## [Work required]
From the line containing "this 668×1000 image." through the final line of the records, reproduce every line exactly.

## [Supplied material]

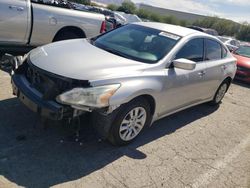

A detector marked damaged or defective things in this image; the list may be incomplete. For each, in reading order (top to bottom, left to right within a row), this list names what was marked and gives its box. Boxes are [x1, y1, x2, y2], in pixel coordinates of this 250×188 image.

cracked headlight [56, 84, 120, 108]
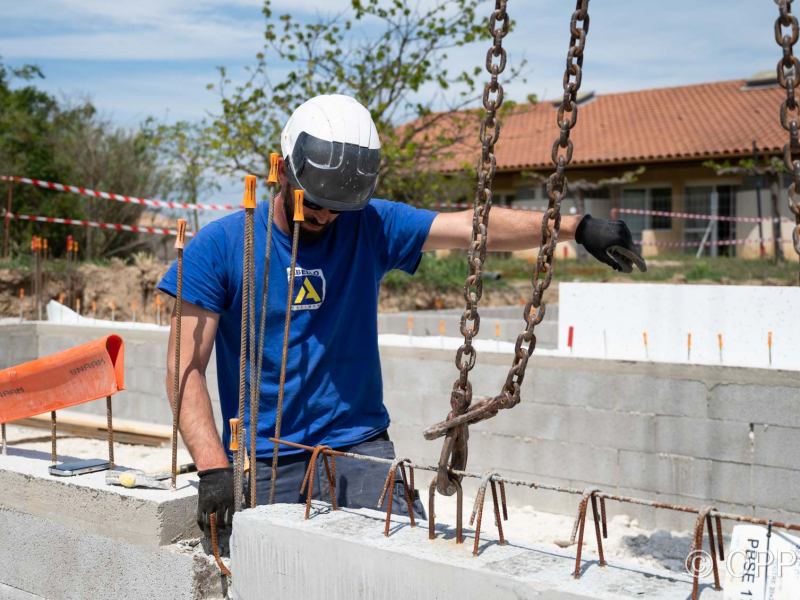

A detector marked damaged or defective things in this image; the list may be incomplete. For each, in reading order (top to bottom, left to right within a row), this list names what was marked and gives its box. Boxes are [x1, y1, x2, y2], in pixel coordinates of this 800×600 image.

rusty metal chain [434, 0, 510, 496]
rusty metal chain [504, 0, 592, 404]
rusty metal chain [772, 0, 800, 284]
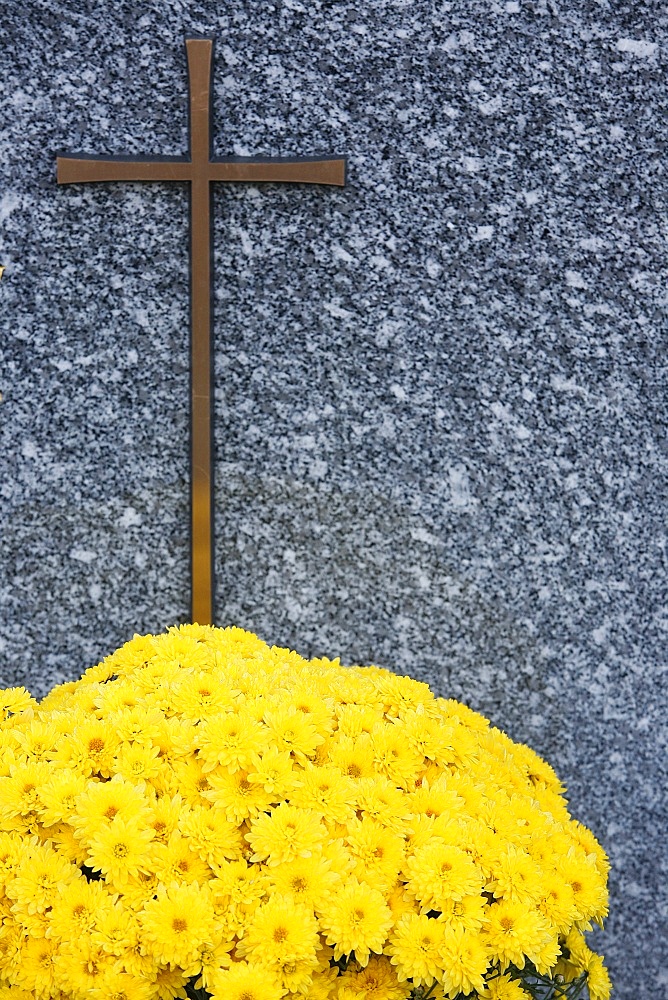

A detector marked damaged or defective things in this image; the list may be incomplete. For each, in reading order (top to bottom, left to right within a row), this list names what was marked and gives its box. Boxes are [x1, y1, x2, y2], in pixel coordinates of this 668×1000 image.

rusted bronze cross [57, 37, 344, 624]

## [Exercise answer]
A detector marked damaged or defective things in this image; the list may be incomplete. For each, in reading order (top to bottom, left to right within a row), this list names what was marked and gives its box. Boxes are [x1, y1, x2, y2], in pixel coordinates of this 668×1000 image.

rusted bronze cross [57, 37, 344, 624]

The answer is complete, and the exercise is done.